I never bought a mango before and am fairly sure I've never had one growing up (unless it was at a restaurant). This brings up a lot of questions. Should you store it cold? Or room temperature? How do you know if its ripe? And, how do you eat it? For the answer to the last question I went online and believe it or not, found an eHow page that describes how to eat a mango. Guess it's a bit tricky. Actually - it's easy, but I never would have figured it out on my own. And, guess what - the mango was great! I've already purchased another today...

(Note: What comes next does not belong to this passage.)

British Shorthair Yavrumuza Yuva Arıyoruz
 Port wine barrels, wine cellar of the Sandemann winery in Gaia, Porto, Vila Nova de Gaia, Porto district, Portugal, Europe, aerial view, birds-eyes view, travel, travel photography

Yams look a lot like potatoes so I figured they would be prepared and served in a similar fashion. But, looking up recipes turned up many where yams were only a part of a bigger recipe - not a side dish all there own. A bit more searching and I did turn up a baked fry (oxymoron?) recipe which I made last night (fairly standard - olive oil plus a bunch of spices, place in the oven at 425 for about 20-30 minutes, turning over halfway through). They turned out good enough.
Tonight I ventured out on my own with the remaining yam and figured I'd slice it into round chips and then fry/saute it in olive oil and garlic. A fairly basic, Italian approach to most foods. I had no idea how the flavors would mix and what it would taste like. I hoped for the best. After soaking the slices in water (have no idea if this is necessary, but the eggplant I cooked this way seemed to drink the olive oil so I figured having the yams drink some water first couldn't hurt), I put them in the pan with the garlic. I stirred occasionally, but for the most part let them simmer on medium/low heat with the cover on. After about 20 minutes - they were very tender and breaking apart when stirred. I figured this meant done and I served with salt and pepper. it wasn't bad! I actually enjoyed it and would likely make the same thing again in the future.